JAKARTA (TheInsiderStories) – United States’s (U.S) President Donald Trump and European Commission (EC) President Jean-Claude Juncker has agreed to avoid trade war and to work toward zero tariff, barriers and subsidies, said the two leaders in a written statement on July 25.
At the meeting in White House, Trump and Juncker agreed will work together toward zero tariffs and other economic barriers on non-auto industrial goods. Trump promised won’t place a 25 percent tariff on European cars coming into his country.
The both leaders would also to stop any future tariffs while they continue to negotiate over Trump’s steel and aluminum tariffs placed last May. Furthermore, they agreed the European Union will import billions of dollars more in U.S soybeans and liquefied natural gas, which will also help Europe somewhat move away from its reliance on Russian energy.
U.S and EU, together count for more than 830 million citizens and more than 50 percent of the global GDP or more than 50 percent of global trade. As of today, the U.S and EU have a US$1 trillion bilateral trade relationship — the largest economic relationship anywhere in the world.
Previously, G20 finance ministers (FM) and central bank (CB) governors warned that increasing trade tensions risk undermining the global economy. The communiqué comes out over the weekend at the meeting in Buenos Aires, Argentina over the week end.
The ministers and governors said, amid growing tensions between the U.S and its major trading partners, finance ministers of the G20 end their summit without major controversy. But give a signal trade conflicts will be resolved anytime soon.

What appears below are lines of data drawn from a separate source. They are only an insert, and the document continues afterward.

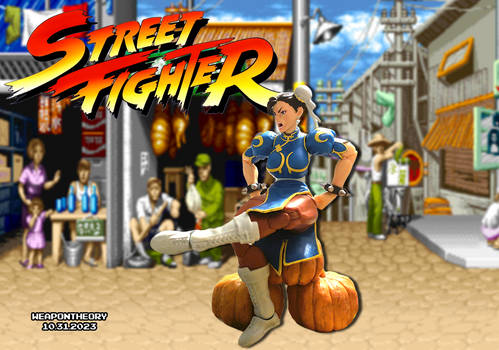 Jada Toys Street Fighter II Chun-Li (1)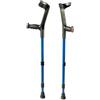 INTERMED Srl Stampelle Titanium Ghiaccio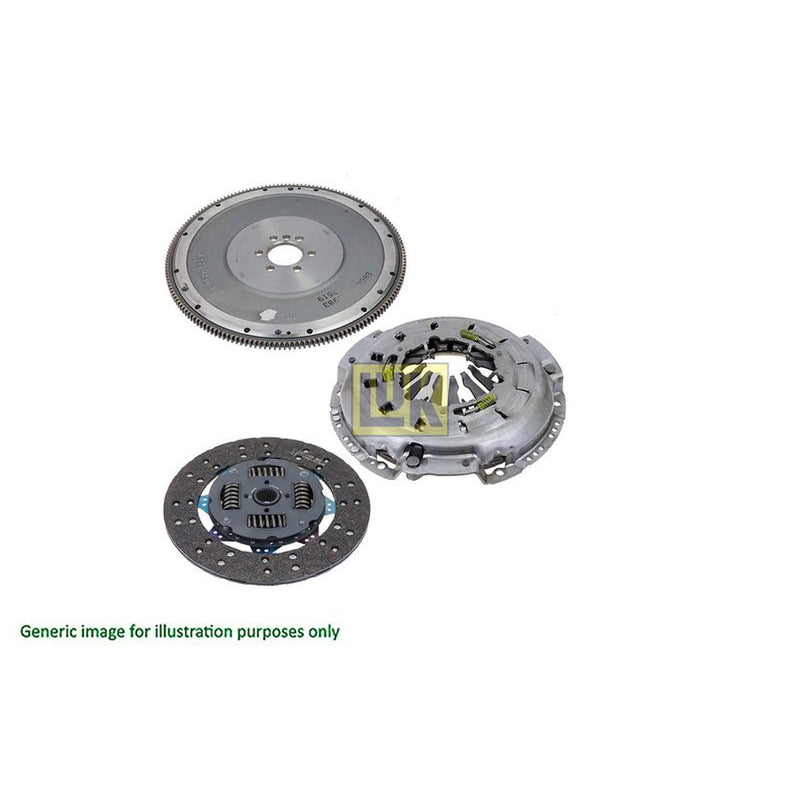 LuK Clutch Kit Set 3pc fits Dodge Caliber 2006-2009 1.8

The ministers and CB governors meeting comes days after U.S President Donald Trump accused both Europe and China of manipulating their currencies to boost exports and threatened to impose up tariffs on hundreds million dollar goods.
The global policy makers emphasized the need “to step up dialogue and actions” between countries to minimize risks to global growth and improve confidence on trade. It also noted “downside risks” posed to the global economy as a result of “heightened trade and geopolitical tensions.”

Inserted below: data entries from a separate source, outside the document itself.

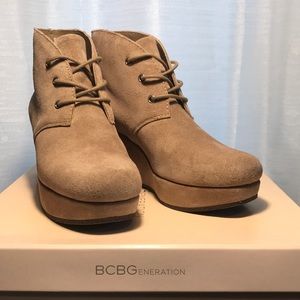 NWB brand new BCBG booties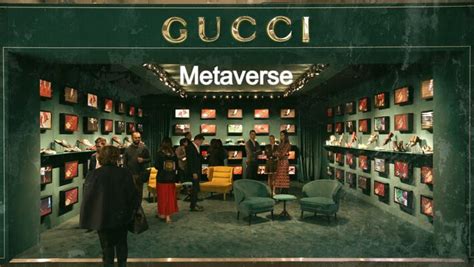 gucci metaverse marketing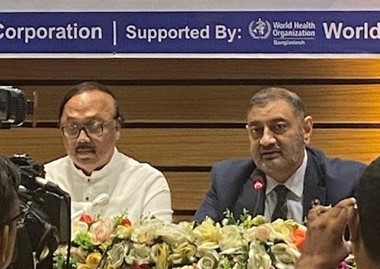 Successful implementation of Electronic Immunization registration in Rajshahi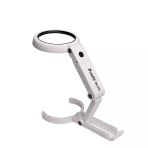 Proskit Ma-025 Katlanabilir Masa Ve El Tip Büyüteç Usb Ledli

Non-tax Revenues Bill Approved
From domestic side, yesterday Commission XI of Indonesian parliament has approved the draft of the State Non-tax Revenue Bill to be passed into Law. According to Finance Minister Sri Mulyani Indrawati the bill is an important strategy to keep the state revenues.
Previously, President Joko Widodo has issued Presidential Instruction No. 4 of 2018 on Increasing Supervision of Tax Receipts on Government Expenditures and Non-tax Revenues. Through the new regulation, Widodo instructed the supervision on the implementation of the treasury tax obligation in government expenditure and the management of non-tax revenues could be improved.

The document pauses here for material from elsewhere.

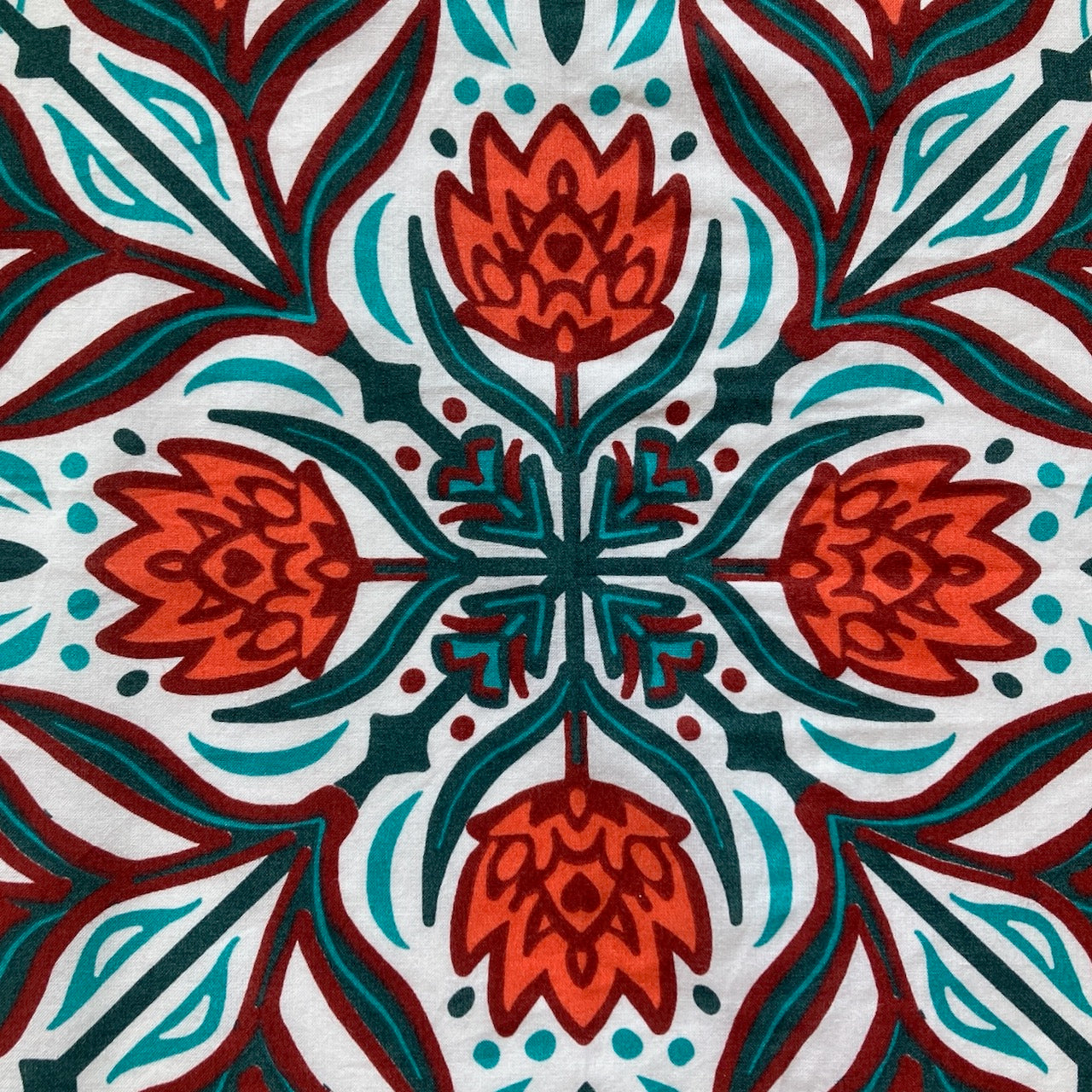 Wild Paintbrush Bandana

Meanwhile, political issues are also become investors attention, especially the annoucement of vice president’s name to accompany Widodo and Prabowo Subianto in the 2019 presidential election. The meeting of political elites continues on the eve of the registration of the names of presidential and vice presidential candidates to the General Elections Commission on August 4 to 10.
This various issues we believed will bring different sentiments in the financial markets. But in the other side, investors could get advantage from it.